The film spends way too much time establishing the facts of his current existence, while simultaneously failing to explain said facts. We get pretty rapidly that he is retired from an iconic rock career; that he’s either bored or depressed (he thinks the latter, his wife suggests the former); that he feels responsible for some deaths (of fans); that he’s childless but connected in some way to a young woman, Mary, and her mother. All of this is presented in a fairly piecemeal way that’s at odds with the extraordinary camerawork that swoops, tracks, travels and dollies in long scenes that plain camerawork fans like me will find amazing and intrusive in equal measure.
A storyline that seems to be about the artistic value or musicianship of Cheyenne’s body of work is introduced early, never to resurface, and Cheyenne’s own doubts about his worth are revisited later in a gratuitous scene with David Byrne, who collaborated on the music for the film, and who appears in a brilliant but largely irrelevant set-piece that features more of the previously mentioned extraordinary camerawork. (In this case a wide shot of a stage travels back to encompass a band, then its audience, and pans, turning, to zoom in to a close up of Cheyenne at the back of the crowd. The stage mechanics in this scene are worth the price of admission alone; it’s a pretty speccy scene – but one that arguably did not belong in this story.)
The encounter with David Byrne happens in America, where Cheyenne has travelled by ocean liner to attend the death of his father. News of his father’s illness has arrived via a red telephone in the house of Mary’s mother – one of a few red telephones whose significance escaped me, along with the nature of his relationship to Mary’s mother.
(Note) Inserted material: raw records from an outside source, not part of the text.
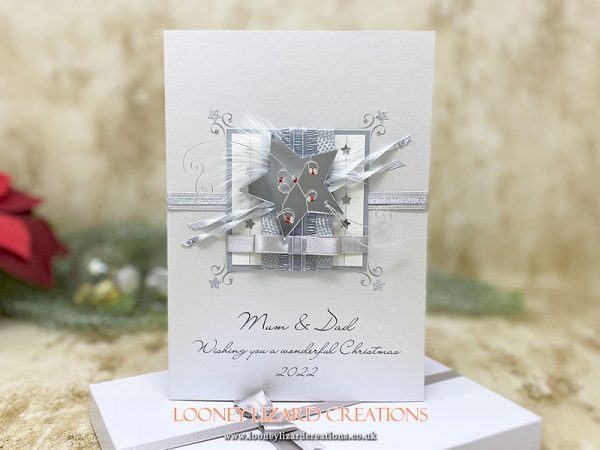 a celestial christmas card featuring silvery stars.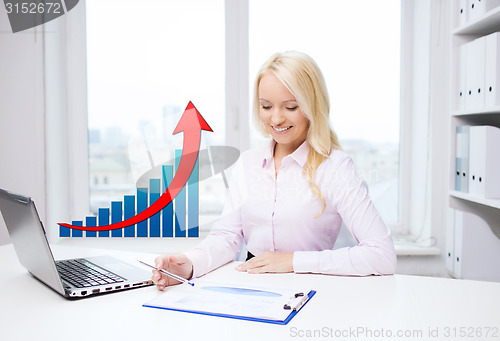 Image of smiling businesswoman with laptop and papers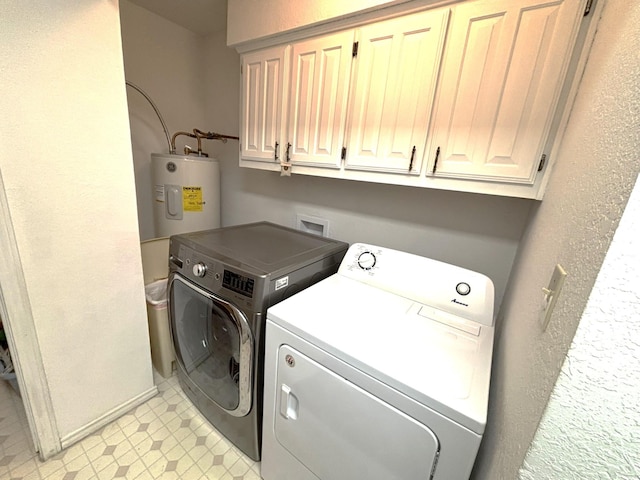 washroom with separate washer and dryer, water heater, and cabinets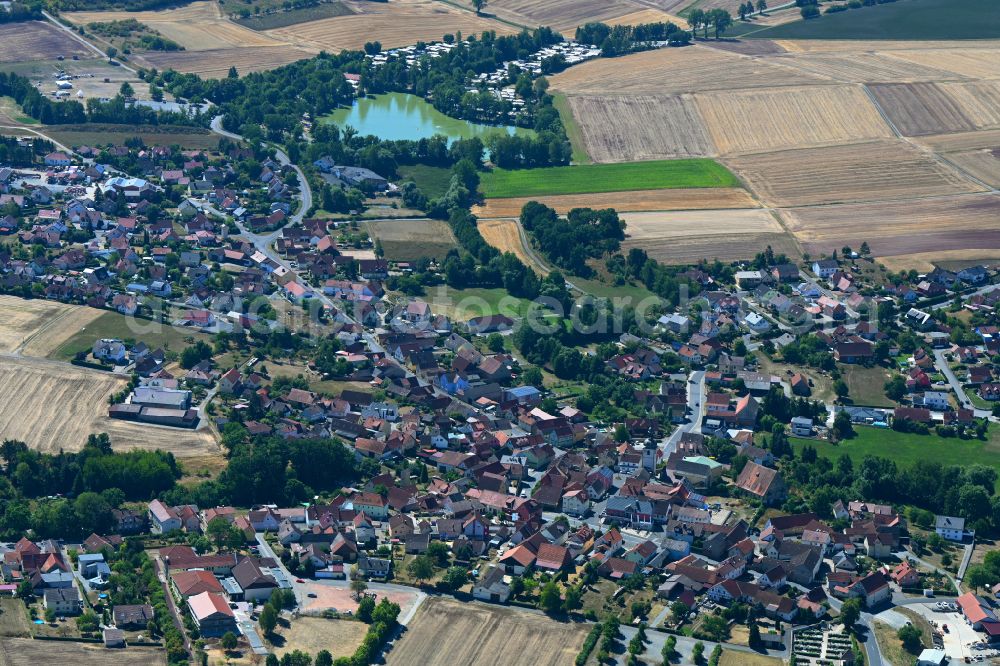 Sulzfeld from the bird's eye view: Town View of the streets and houses of the residential areas on street Wagenweg in Sulzfeld in the state Bavaria, Germany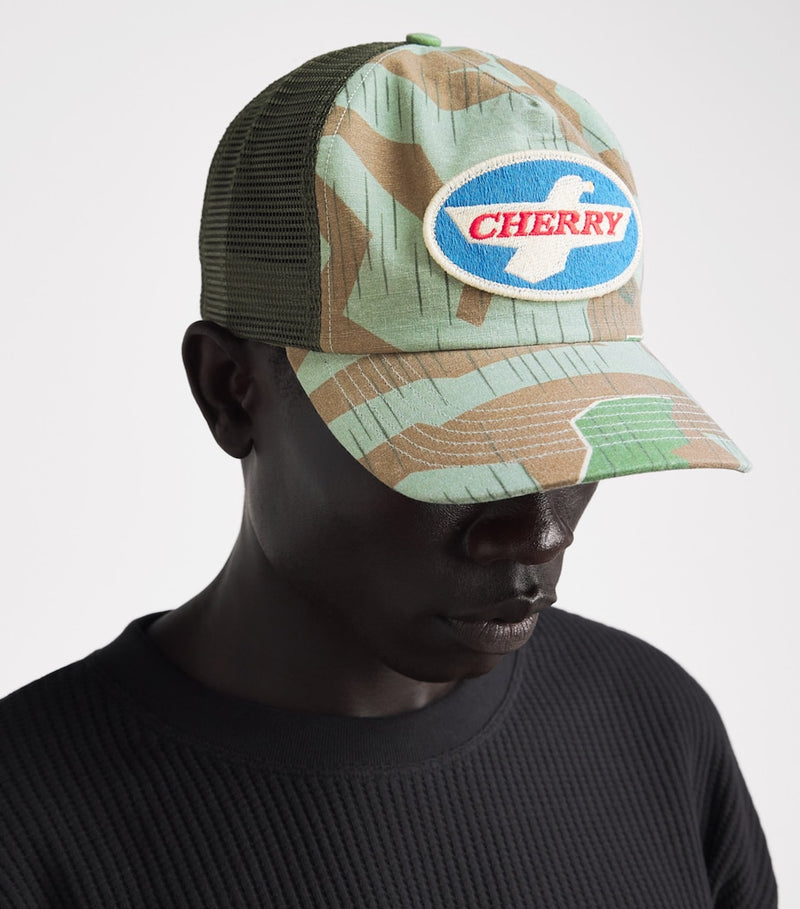 Cherry Los Angeles trucker cap with camouflage and eagle patch (British brand)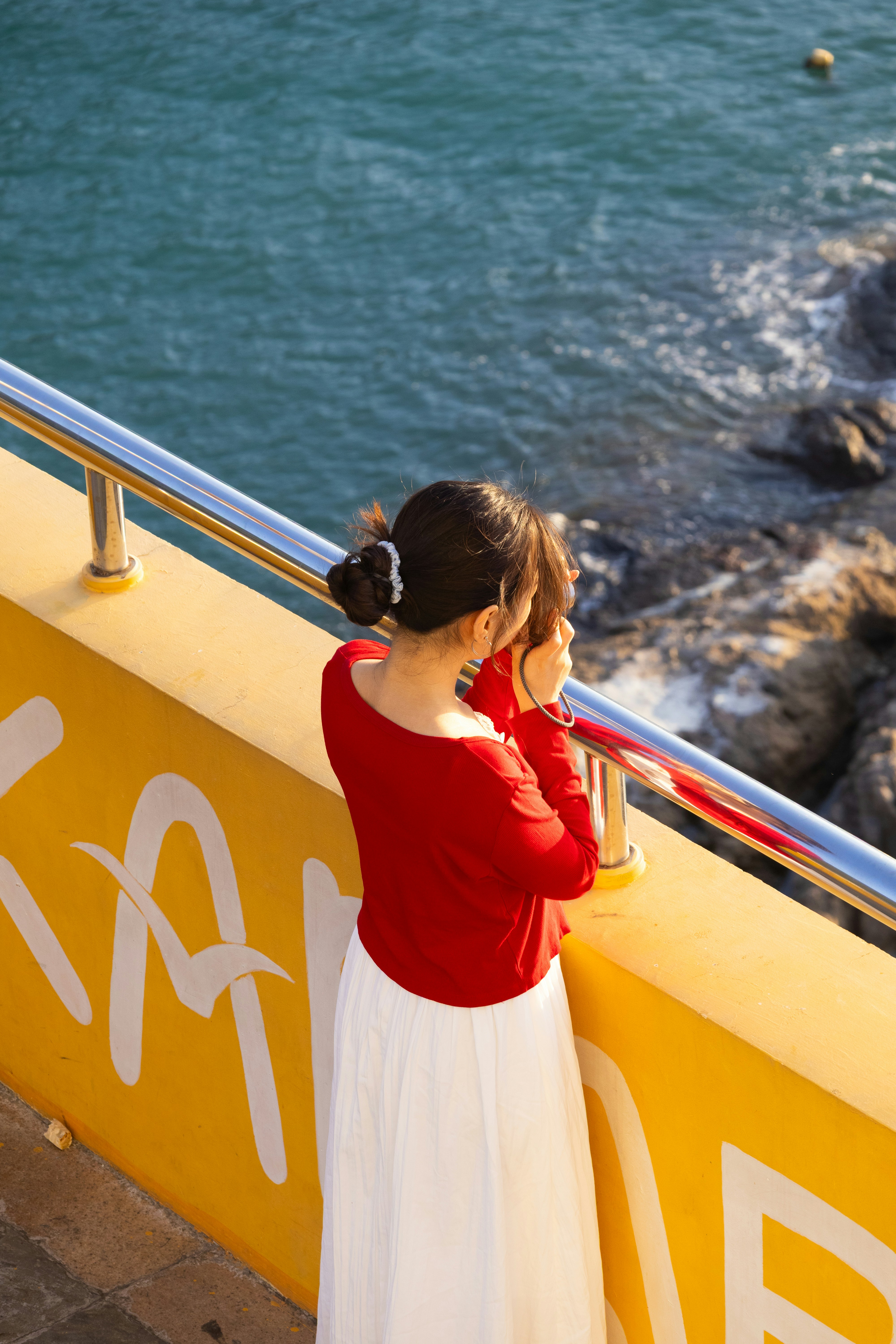 Woman in red top looks at the ocean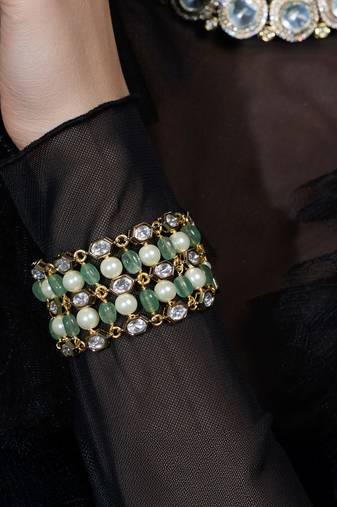 Gold plated kundan green stone bracelet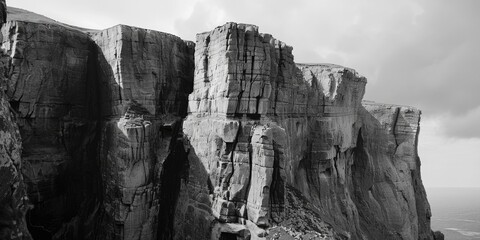 Poster - A black and white photograph of a rugged cliff face with texture and detail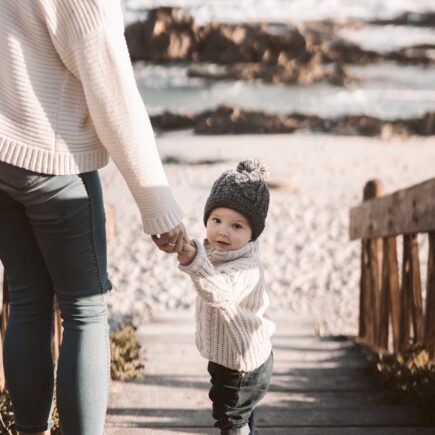 mamma e bambino in spiagga in inverno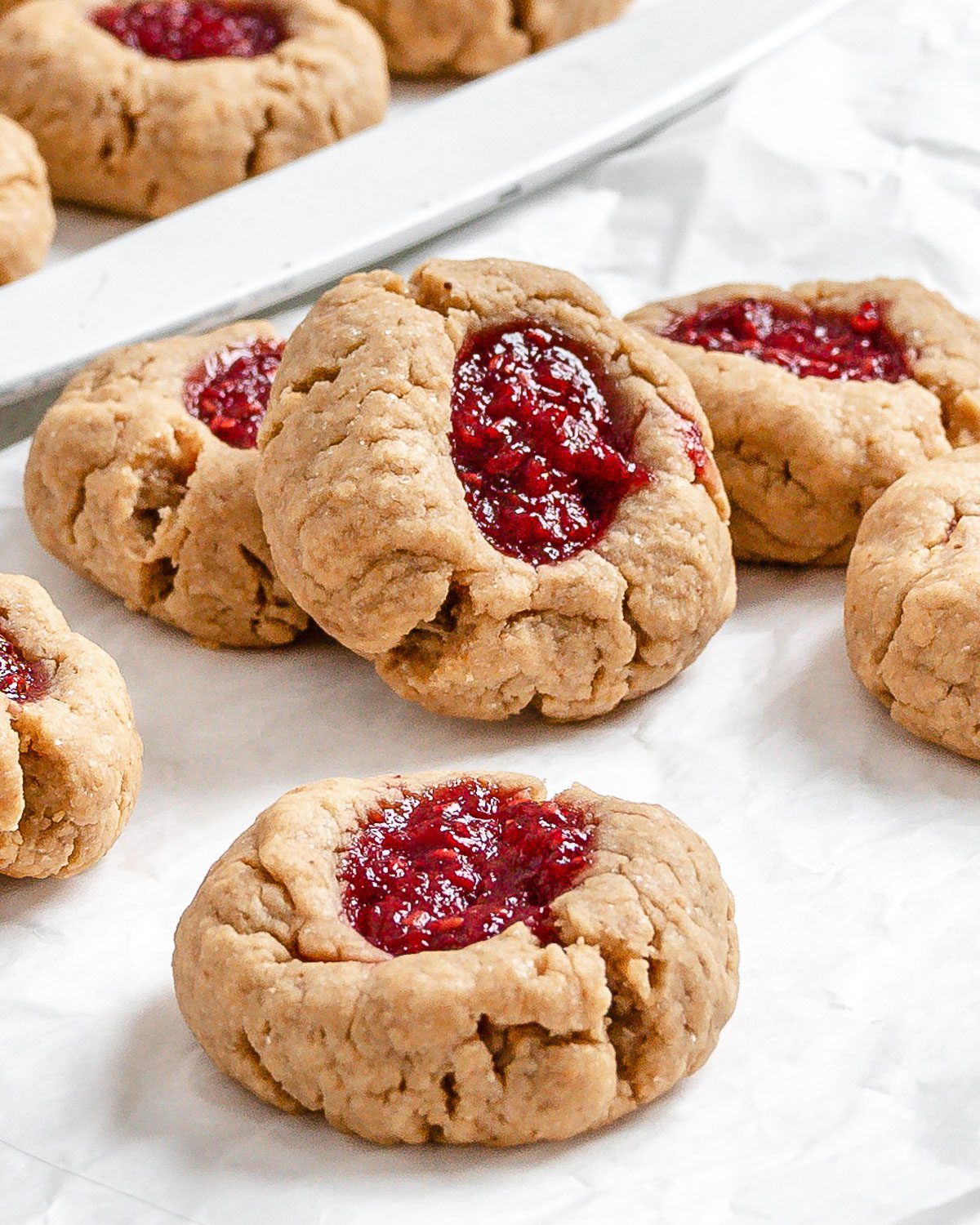 completed Vegan Peanut Butter and Jelly Thumbprint Cookies scattered on cookie sheet and white surface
The film does a sharp turn for its second half: now we discover that Cheyenne has come from a traditional Jewish family, from whom he has been estranged, and that his father, a Holocaust survivor, has spent his life tracking down his Auschwitz persecutor, one Aloise Lange, now resident in the US and possibly still alive. Improbably, Cheyenne takes up the hunt, and what has been a character study turns into a road movie, complete with chance encounters, transformative brief relationships, and ultimately growth and redemption.
This is a really enjoyable film to watch, intriguing, puzzling, funny and unsatisfactory in turn. It’s not an artistic success, I don’t think: too many events simply don’t cohere (eg: there’s a character who lends his car to Cheyenne – who seems to be the least likely person in the entire universe to have a driver’s licence and to take on the task of driving around America – and who is never seen again, except in flashback when the car, again improbably, goes up in flames).
Further, the Holocaust theme is too big for the brief showing it gets, and the idea of the beauty of vengeance expounded by Lange in the climactic scenes, while huge and worthy of examination (in another film, perhaps), is completely separate from the experience that Cheyenne has had, the understanding he reaches, and the punishment he imposes.
And then the ending: come on! Resolve the central issue of your life, and give up on your hair dye and eyeliner. Yeah, right. I just didn’t buy it, and I still didn’t get who Mary’s mother was, and why she would be interested in the fact that Richard – whoever he was (yes, we met him in Brooklyn, or Queens, or wherever, but who was he?) – had grown into a fine handsome man. Or why an ageing rocker would think it was a good idea to fix up his young friend Mary with a guy who listened to Mariah Carey!
All of these reservations aside, I reckon it’s a film worth seeing: for the performance of Sean Penn, for the luminous Frances McDormand, for the extras from Freak Central Casting, for the show-off camerawork (eat your heart out, Antonioni!), for the low-key hero’s journey and the funky music track.